沖に出て、九州を背中にしょって進むようになると、船との遭遇が多くなった。その多くはどれも何かを運ぶ目的の船であり、それはどれも大型で、しかも右から左へ、あるいは左から右へと進んでいる。

ここまで沖に来ると、うねりが台風の影響であることがはっきりわかるような規模になってきた。うねりの山が船に近づくと、一瞬南の水平線がうねりに消される。船は大きく左へ傾き、うねりは船底を洗う。船は体制を整え、起き上がりこぼしのように今度は右へ傾き、さっき視界から消えた水平線が再び現れる。
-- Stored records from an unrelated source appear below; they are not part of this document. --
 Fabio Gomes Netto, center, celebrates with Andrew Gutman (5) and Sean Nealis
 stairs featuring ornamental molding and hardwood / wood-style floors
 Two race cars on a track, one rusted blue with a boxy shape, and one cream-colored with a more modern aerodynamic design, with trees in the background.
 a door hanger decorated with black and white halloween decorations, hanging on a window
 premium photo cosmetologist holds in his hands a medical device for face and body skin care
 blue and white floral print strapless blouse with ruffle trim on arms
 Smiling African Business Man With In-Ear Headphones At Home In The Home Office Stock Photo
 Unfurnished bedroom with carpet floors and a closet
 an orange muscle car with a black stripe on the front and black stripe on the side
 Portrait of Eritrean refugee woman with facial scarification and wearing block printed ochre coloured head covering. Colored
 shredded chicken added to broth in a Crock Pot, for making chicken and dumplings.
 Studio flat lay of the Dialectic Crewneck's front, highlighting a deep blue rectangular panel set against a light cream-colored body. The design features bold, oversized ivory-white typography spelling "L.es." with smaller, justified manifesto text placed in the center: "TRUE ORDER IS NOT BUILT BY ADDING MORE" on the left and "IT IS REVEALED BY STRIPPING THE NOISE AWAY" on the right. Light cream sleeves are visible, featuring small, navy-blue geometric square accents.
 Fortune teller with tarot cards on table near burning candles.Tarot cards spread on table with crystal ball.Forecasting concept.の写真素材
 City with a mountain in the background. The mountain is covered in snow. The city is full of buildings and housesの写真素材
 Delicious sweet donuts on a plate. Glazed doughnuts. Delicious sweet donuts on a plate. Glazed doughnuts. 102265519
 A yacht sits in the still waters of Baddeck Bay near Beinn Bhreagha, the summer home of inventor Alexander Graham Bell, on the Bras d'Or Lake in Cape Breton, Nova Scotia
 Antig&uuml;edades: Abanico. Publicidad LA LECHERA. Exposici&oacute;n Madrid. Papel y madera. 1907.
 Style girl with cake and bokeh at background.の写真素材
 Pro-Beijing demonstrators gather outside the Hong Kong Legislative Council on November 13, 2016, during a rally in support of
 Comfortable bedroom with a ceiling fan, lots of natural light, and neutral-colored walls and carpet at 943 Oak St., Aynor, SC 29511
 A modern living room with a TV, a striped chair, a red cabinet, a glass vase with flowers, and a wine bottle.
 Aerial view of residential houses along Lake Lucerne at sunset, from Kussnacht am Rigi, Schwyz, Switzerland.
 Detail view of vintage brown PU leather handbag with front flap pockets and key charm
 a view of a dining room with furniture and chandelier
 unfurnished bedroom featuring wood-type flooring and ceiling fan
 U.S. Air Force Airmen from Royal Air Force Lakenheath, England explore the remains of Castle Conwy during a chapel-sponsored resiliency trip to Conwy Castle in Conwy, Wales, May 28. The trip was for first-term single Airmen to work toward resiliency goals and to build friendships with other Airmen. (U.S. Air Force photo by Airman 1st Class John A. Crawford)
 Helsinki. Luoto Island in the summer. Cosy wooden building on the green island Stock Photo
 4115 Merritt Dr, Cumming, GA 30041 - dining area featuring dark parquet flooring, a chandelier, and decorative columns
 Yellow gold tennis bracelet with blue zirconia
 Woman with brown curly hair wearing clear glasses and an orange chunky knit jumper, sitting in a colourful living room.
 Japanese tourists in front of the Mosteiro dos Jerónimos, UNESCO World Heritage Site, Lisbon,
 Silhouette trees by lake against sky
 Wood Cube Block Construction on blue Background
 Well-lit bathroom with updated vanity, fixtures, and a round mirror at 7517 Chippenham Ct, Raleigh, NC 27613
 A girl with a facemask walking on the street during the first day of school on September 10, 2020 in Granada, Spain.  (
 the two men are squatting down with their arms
ここ豊後水道は、漁場としての顔だけでなく、重要な航路としての役割ももっている。船同士が十文字にすれ違うので、お互い気を遣いながらの航行である。また、ここ最近の豪雨のため、がれきが浮いているとのこと。それらもよけながらの航行。プロだからあたり前かもしれないけど、大変な仕事である。

左に目をやると、翼を広げて悠々と水面をすべる魚がいた。沿岸性の高いボラと体型や臭いは似ているので、ぼくは勝手にボラとトビウオは昔兄弟だったのではと考えている。最も危険な水面近くで生き延びるために、ヒレを翼のように発達させ、飛んで逃げる能力を進化の過程で身につけたのだろう。

トビウオの鑑賞を堪能し、再び右に目を向けると、小さな独立礁と灯台が見えてきた。たぶん先の瀬だろう。上物は正月しか釣りができない垂涎の地である。そろそろじゃないのかなと構えていると、先の瀬も追い越してしまった。

前方に山並みが見えてきた。四国のお目見えである。背中を押してくる九州の山々は心細くなるほど小さくなっていく。一体どこまで走るのだろう。もうすでに1時間を経過している。

この時間帯になると、辺りがだんだん暗くなってきた。大型の船との遭遇もなくなってきたが、漁船と思われる小さな船が目立つようになってきた。時間を何度も確認する。やがて、釣り人がゆっくりと動き始める。漁場が近いことを示していた。佐伯港を発つこと1時間30分。船はようやくエンジンをスローにした。

竿は、3980円で購入したショート船ロッド。道糸はPE6号。電動リールに、イカ釣り仕掛けに錘は80号とした。枝スは、20cm。

「はいっ、始めて良いですよ」

船長のマイクを合図に、まだ明るいうちから釣りが始まった。

タナは、20mからという指示。仕掛けを打ちかえすがアタリすらない時間が続いていつの間にか夜を迎えていた。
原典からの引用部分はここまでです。